Şimdi birlikte düşünelim. Tamam. Burası Galatasaray kulübüne ait bir tesis… Aynı zamanda halka açık ve ticari bir işletme. Yani yalnızca Galatasaray Spor Kulübü üyelerine hizmet sunan ve üyelik kartıyla giriş yapılan bir yer değildi. Böyle olsa zaten üye olmayan kapıdan giremezdi. Başta da belirttiğim üzere; kapıda karşılaştığım muameleden söz edilmeden internet üzerinden satışa sunulmuş bir hizmeti satın alarak geldiğimiz bir yerdi burası. Üstelik üzerinde başka bir takımı simgeleyen bir amblem bulunan giysi de olsa, bir kadın müşterinin ne gibi bir zararı olabilirdi ki? Bu nasıl bir sportif anlayıştı? Bu davranış ticari etiğe uygun muydu?

Konuyu danıştığım hukukçular, davranışın, başta Tüketici Hukuku olmak üzere, Medeni Hukuk, Ticaret Hukuku ve Borçlar Hukuku’nun temel ilkelerine aykırı ve hatalı bir davranış olduğunu ifade ettiler.

Düşündüm ki, Çarşı grubu ile topluca kupon satın almış olsak ve Beşiktaş ilçe sınırları içerisinde yer alan bu güzel adada kahvaltı yapmak istesek, içeri alınmayacak mıydık? Fırsat kuponlarını satın aldığımız sitede, BJK veya başka bir takımın renk veya armasını taşıyan giysilerle tesise girmenin yasak olduğunu gösteren bir uyarı yoktu zira…
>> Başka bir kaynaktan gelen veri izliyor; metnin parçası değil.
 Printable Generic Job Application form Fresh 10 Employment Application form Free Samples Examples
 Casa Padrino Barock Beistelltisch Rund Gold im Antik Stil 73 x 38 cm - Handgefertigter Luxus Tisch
Bu hukuk dışı bir tutumdu. Dava konusu bile yapılabilirdi. Ama bundan daha önemli olan şu:

Avrupa’ya açılan kapı olmakla ve 500 yılı aşan bir eğitim geleneğinden gelmekle övünen Galatasaray Spor Kulübü’nün üzerinde kartal amblemi olan bir yelek giydiği için bir kadını parasını vererek geldiği halka açık bir tesise sokmamaya çalışmasıydı. Bu anlayış, toplum olarak çok tehlikeli bir noktaya geldiğimizi göstermektedir.